**What to produce**. Having located the line with "YPC KIDS – YOUNG PRINT CO.", print it and each remaining line exactly, stopping at the end of the material and omitting pictures.

**Available data**.
+ + + + + + +
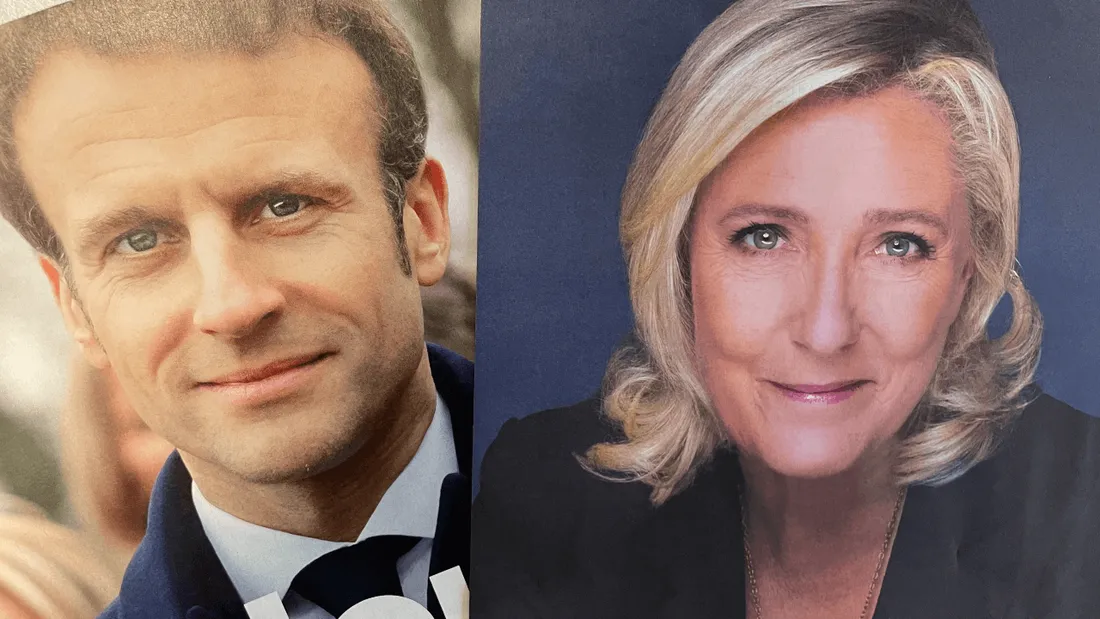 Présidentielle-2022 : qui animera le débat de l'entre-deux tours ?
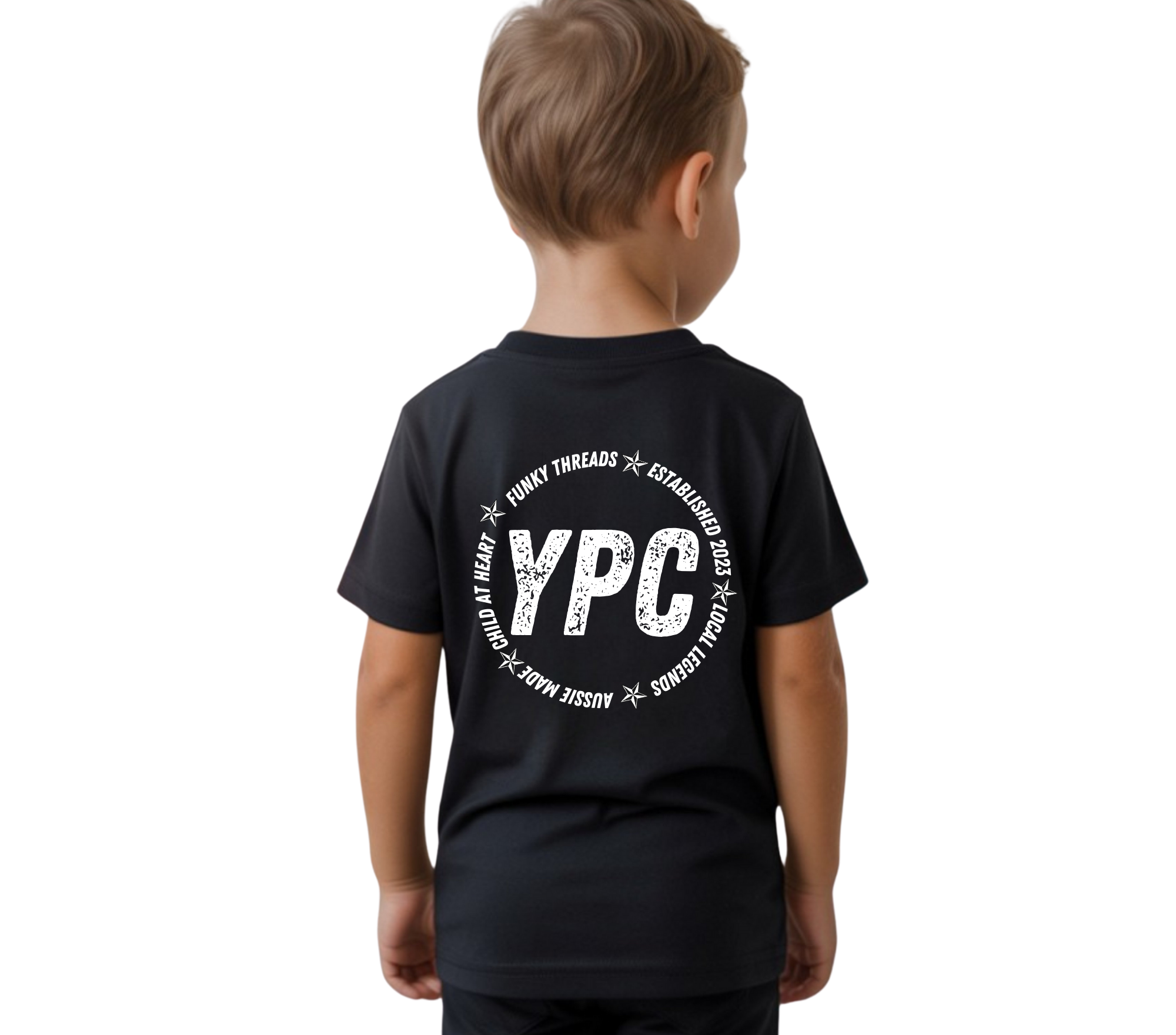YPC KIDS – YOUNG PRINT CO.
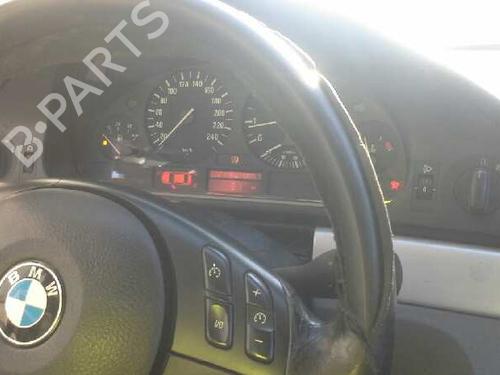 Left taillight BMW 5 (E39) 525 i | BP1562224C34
+ + + + + + +
**Result for this task**.
YPC KIDS – YOUNG PRINT CO.
 Left taillight BMW 5 (E39) 525 i | BP1562224C34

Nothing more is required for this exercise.